Service is friendly, but a little shaky at times as the restaurant works out the kinks, particularly on a busy night. Although we had a reservation and our table was available, it was not set up. And a number of dishes were served to the wrong individuals. There’s no charge for bread, but you have to request it, which is worth the effort as you get warm from the oven rolls, served on one visit with butter and the next time with jalapeno jelly. There’s a lengthy wine list with a variety of reasonably priced selections. We enjoyed a New Zealand sauvignon blanc that was favorably priced at less than twice retail.
The most popular starters were the tomato and mozzarella salad, the wedge salad (with cabrales blue cheese and pancetta), and the carnitas. We dinged the tempura vegetables (too heavy on the batter) and the snapper carpaccio (almost nonexistent on a white plate such that we initially thought they had forgotten the fish).
This place is not trying to compete with the depth of offerings at McCormick and Schmick’s or Oceannaire.
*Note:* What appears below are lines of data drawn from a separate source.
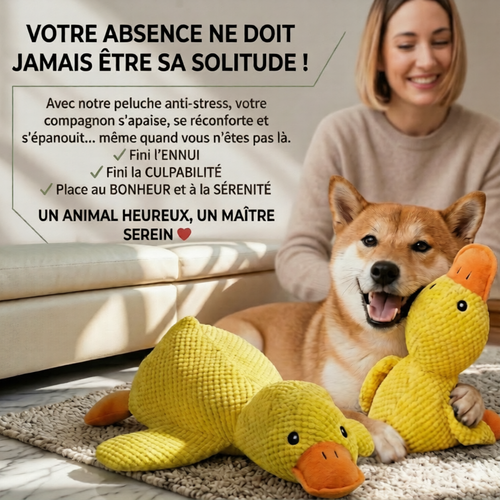 Peluche anti stress Chien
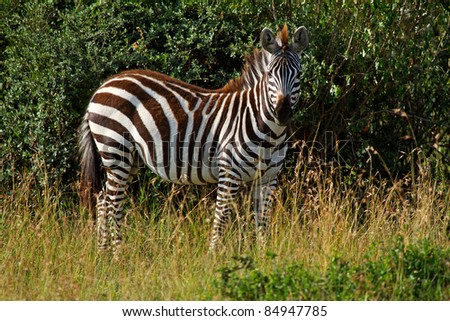 African zebra in bush  looking at camera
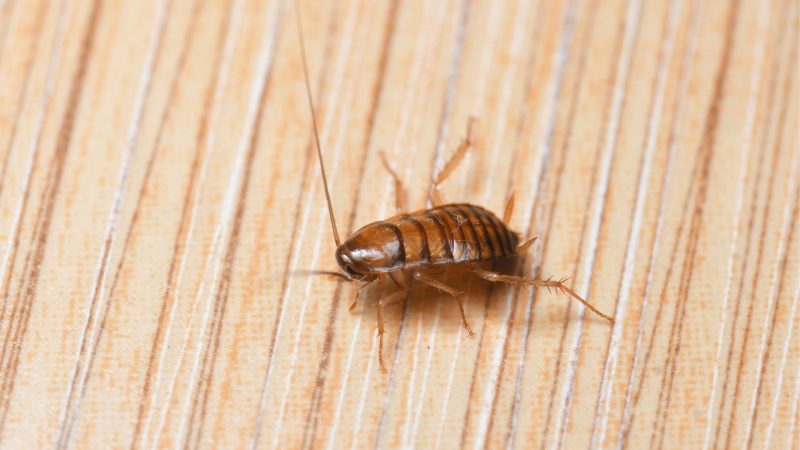 7 Bugs That Look Like Baby Roaches And How To Get Rid Of Them   What Do Baby Roaches Look Like E1642488018957 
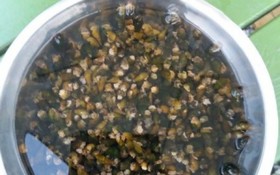 Gapyeong Riona Pension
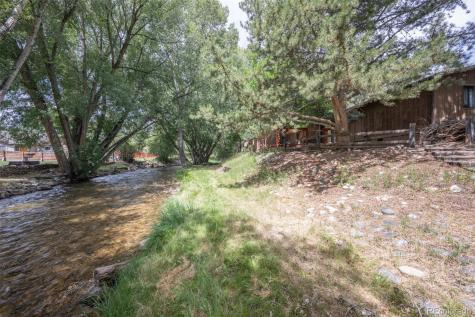 121 Brookdale Buena Vista CO 81211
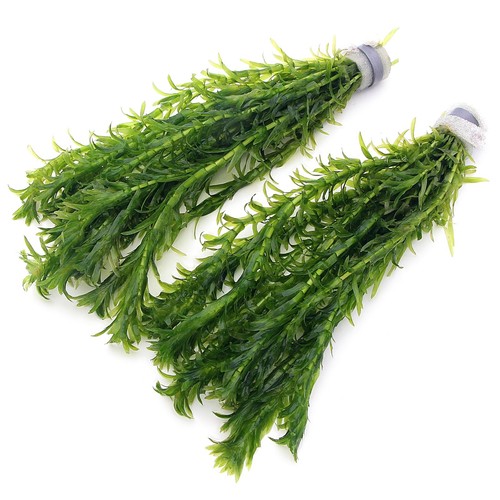 K2aqua elodea densa - k2aqua,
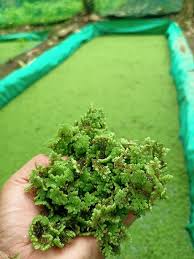 Image result for Azolla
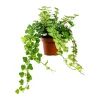 GROW by OBI Efeu "Wonder" Topf-Ø ca. 13 cm Hedera Helix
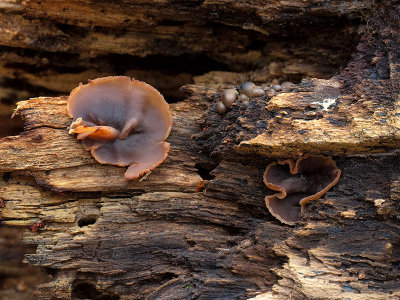 Spreading Brown Cup Fungus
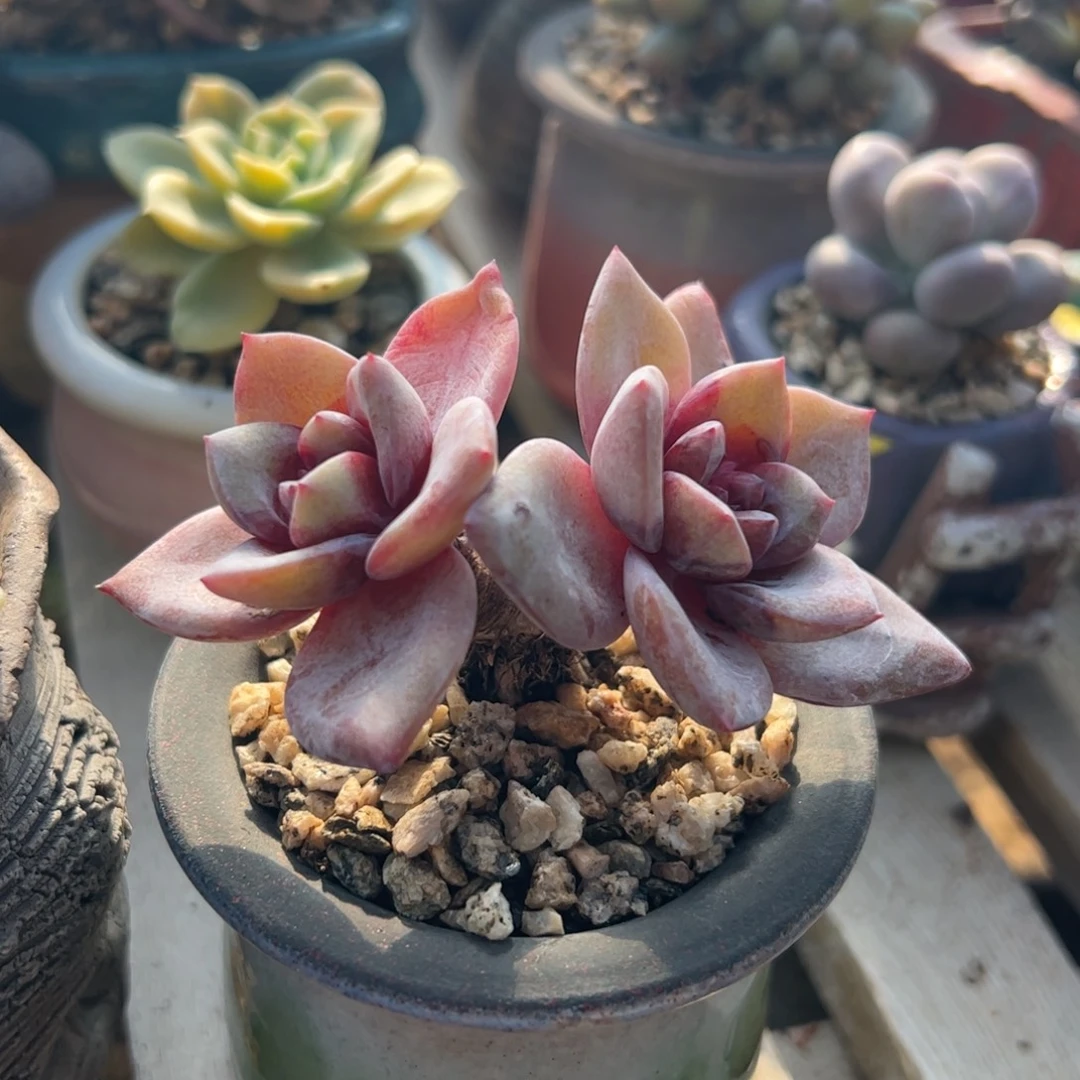 德国香槟多肉植物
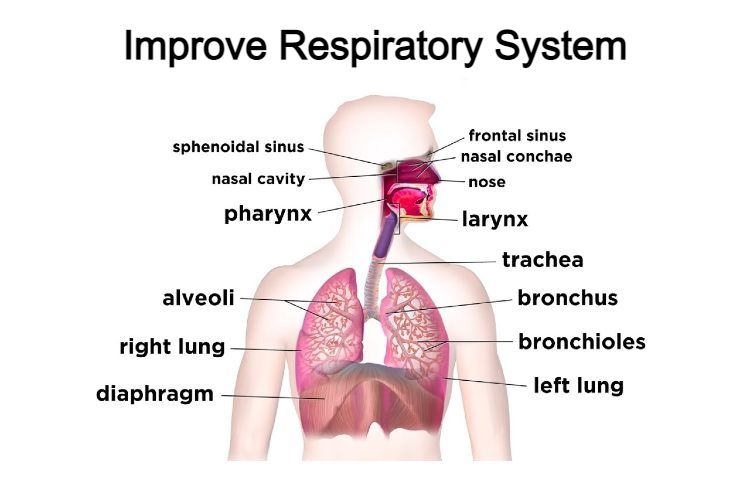 Improve Respiratory System
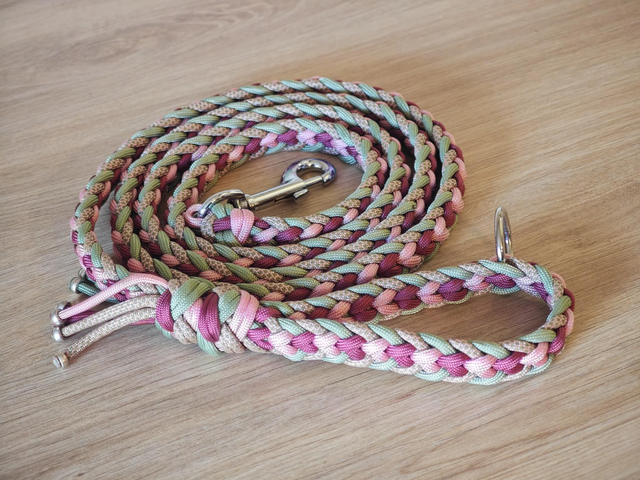 Laisse unique de tressage paracorde de 1,70m de longueur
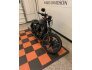 2019 Harley-Davidson Sportster Iron 883 for sale 201271717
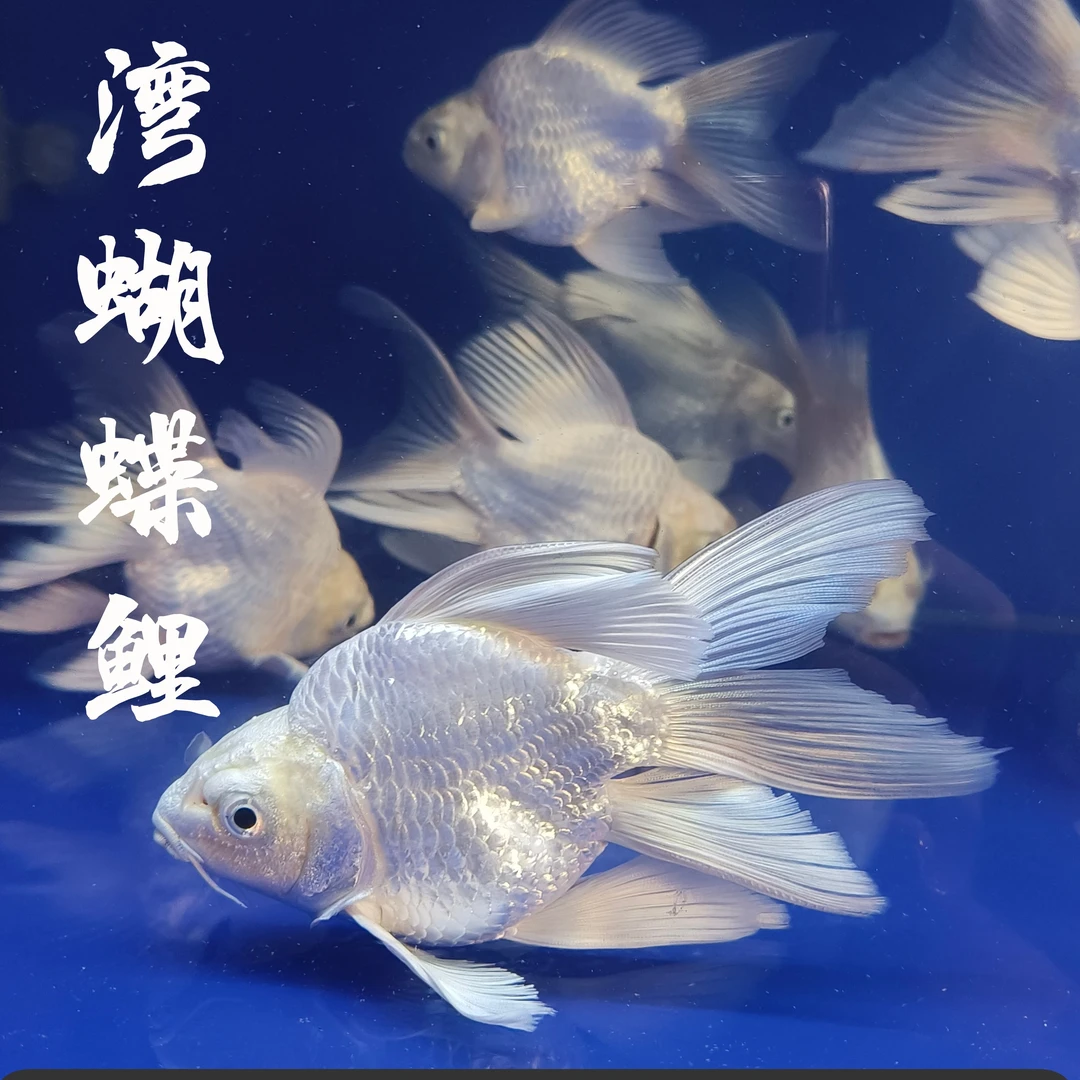 爆款 福利短身蝴蝶鲤石膏白包邮包活养鱼纯种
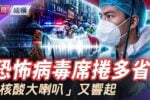 香港希望之聲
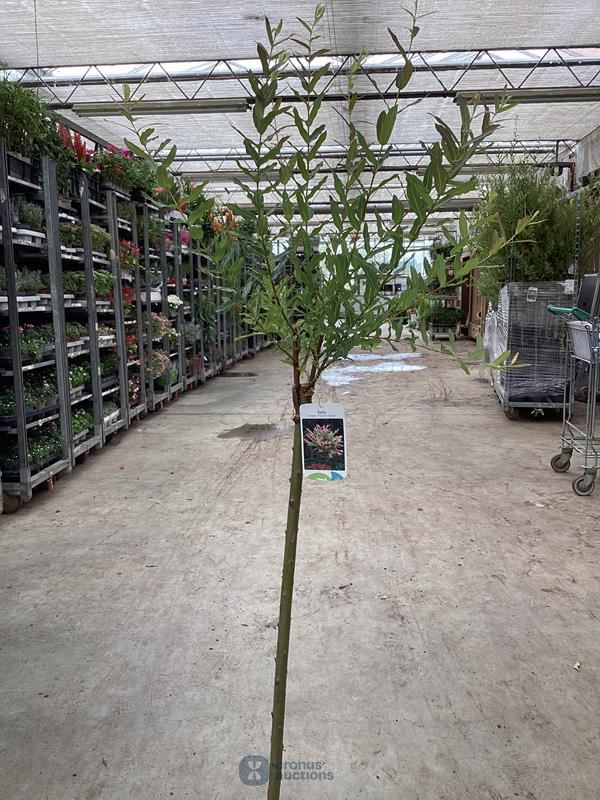 5 salixstam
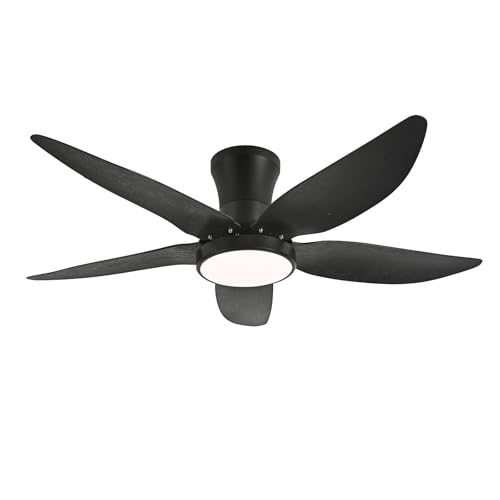 Ceiling Fans with Lights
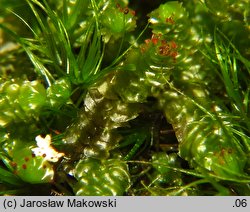 Anastrepta orcadensis (podwijka orkadeńska)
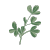Fenugreek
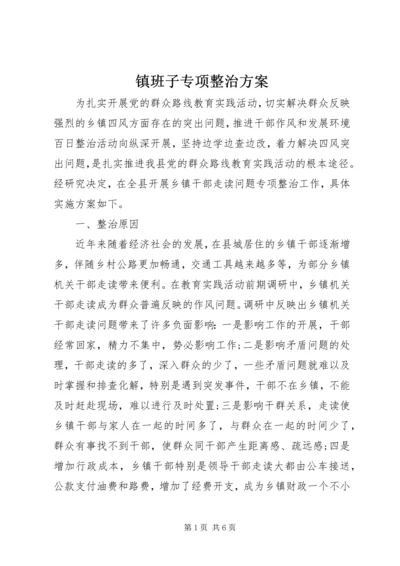 镇班子专项整治方案.docx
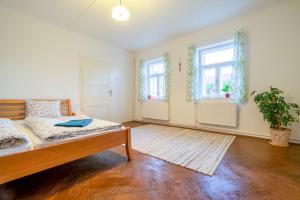 1 dormitorio con 1 cama, 2 ventanas y alfombra en Čejkovický domek, en Čejkovice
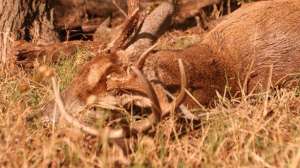 Rut hunting part 2 november lead 181003 155803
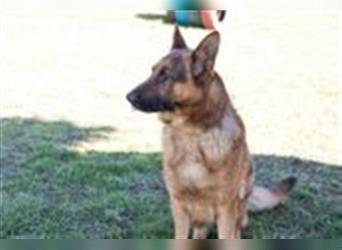 SANCHO - Rüde mit Vergangenheit sucht Menschen mit Geduld und Hundeerfahrung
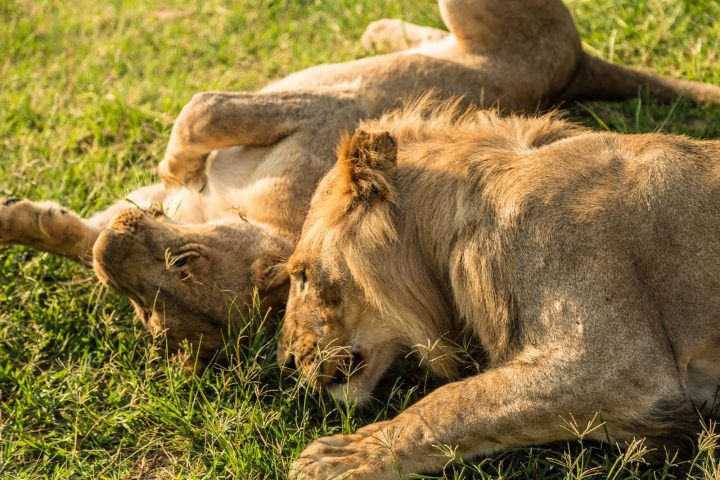 Löwen beim Spielen im Chobe Nationalpark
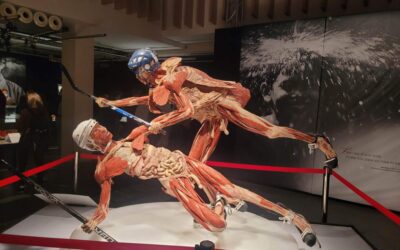 Wystawa BODY WORLDS na MTP w Poznaniu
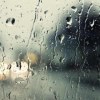 初雨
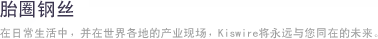 胎圈钢丝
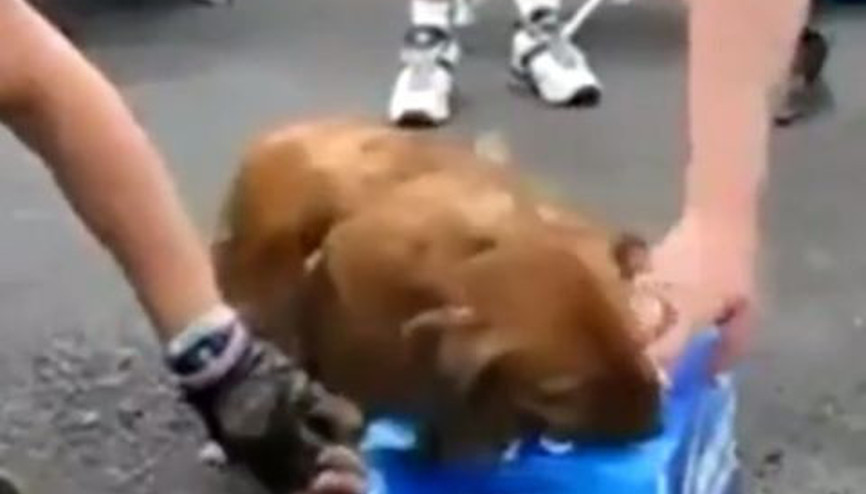 Biralarıma dokunanı yakarım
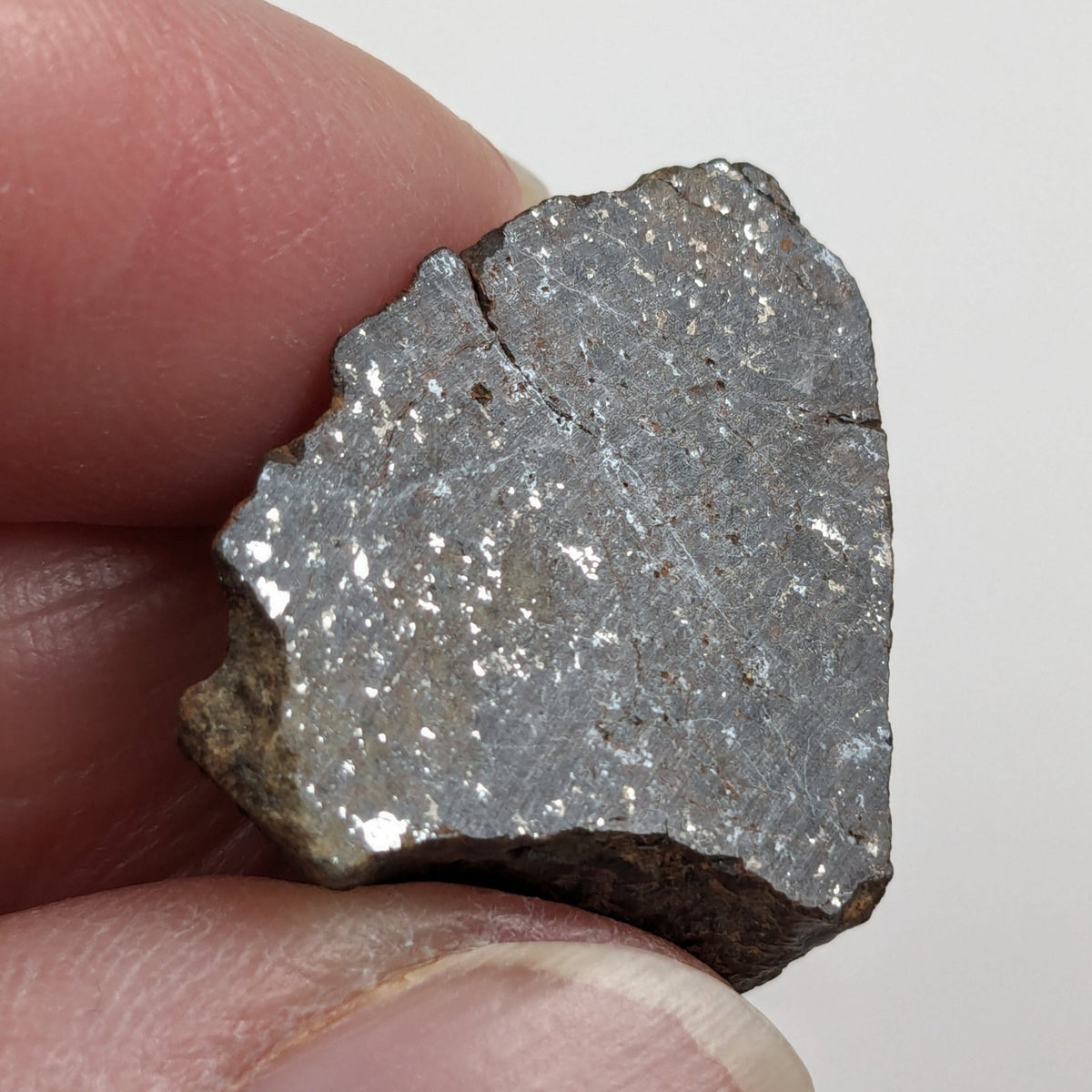  Northwest Africa NWA Meteorite | 20.8 Grams | Two part Cut | Sahara | SO24 6
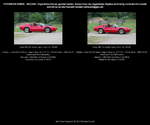 Ferrari 308 GTS Spider, Targa 2 Türen, rot, Bauzeit 1975-1980, Sportwagen, Italien - fotografiert am 27.05.2012 zum Oldtimertreffen  Die Oldtimer Show  MAFZ Erlebnispark Paaren/ Glien (Land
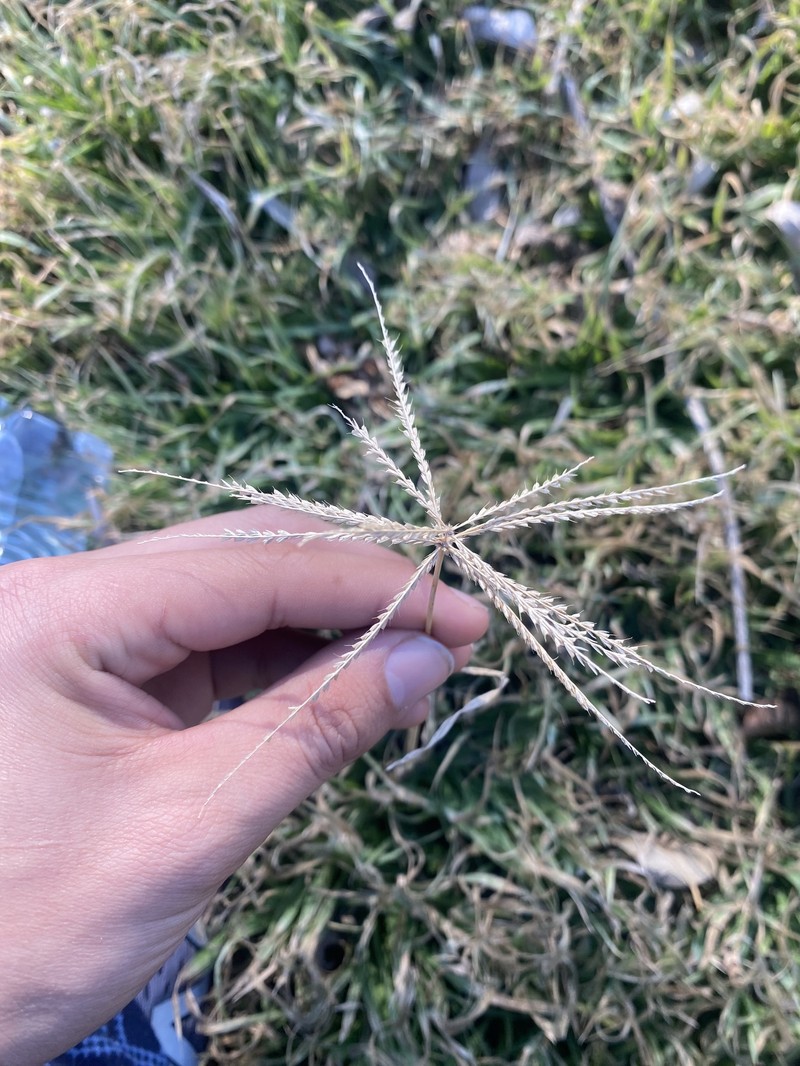 Windmill Grass photo 2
The somewhat limited entrée selections are heavier on fish (swimmers) than seafood (crawlers and sitters). The only crab item on the menu is a soft shell appetizer, and the only shrimp dish is under the “Simply Grilled” category. Non-oceanic items are limited to one chicken and one steak selection. And there’s no fried seafood, although there are some acceptable french fries, served upright in the ubiquitous wax paper cone with a tasty remoulade style dipping sauce. If you want to salt those fries, you get a tiny bowl of salt crystals with a spoon. This is not Goode Company or Captain Benny’s.
On our first visit, the amberjack was overcooked. But the second time around, the entrees were all well received and appropriately cooked. The group particularly liked the crispy skinned snapper, grouper, slow cooked salmon, and grilled scallops. And the sides of polenta with mushroom ragout and stewed chard were deemed excellent. But, contrary to the waiter’s description of the surf and turf, the promised 8 ounce ribeye was actually a less weighty curled up hanger steak. The Simply Grilled category is a nice touch. You get a choice of various grilled fish, shrimp or scallops, sided only by mixed greens. Prices range from the high teens for the Simply Grilled items to the mid twenties for the fish entrees, with the surf and turf at the $29 high end. Portions are sufficient but run on the small size compared to most Houston restaurants (e.g., 3 grilled scallops with polenta for $23).
Opening a restaurant is a significant undertaking of time and money, both of which are clearly involved at Reef. The food is interesting and, for the most part, hits the mark. And we’re all for developing Midtown. The Metro station is only a block away. We’re not sure about the parking, other than valet, as there didn’t appear to be a parking lot or much nearby street parking.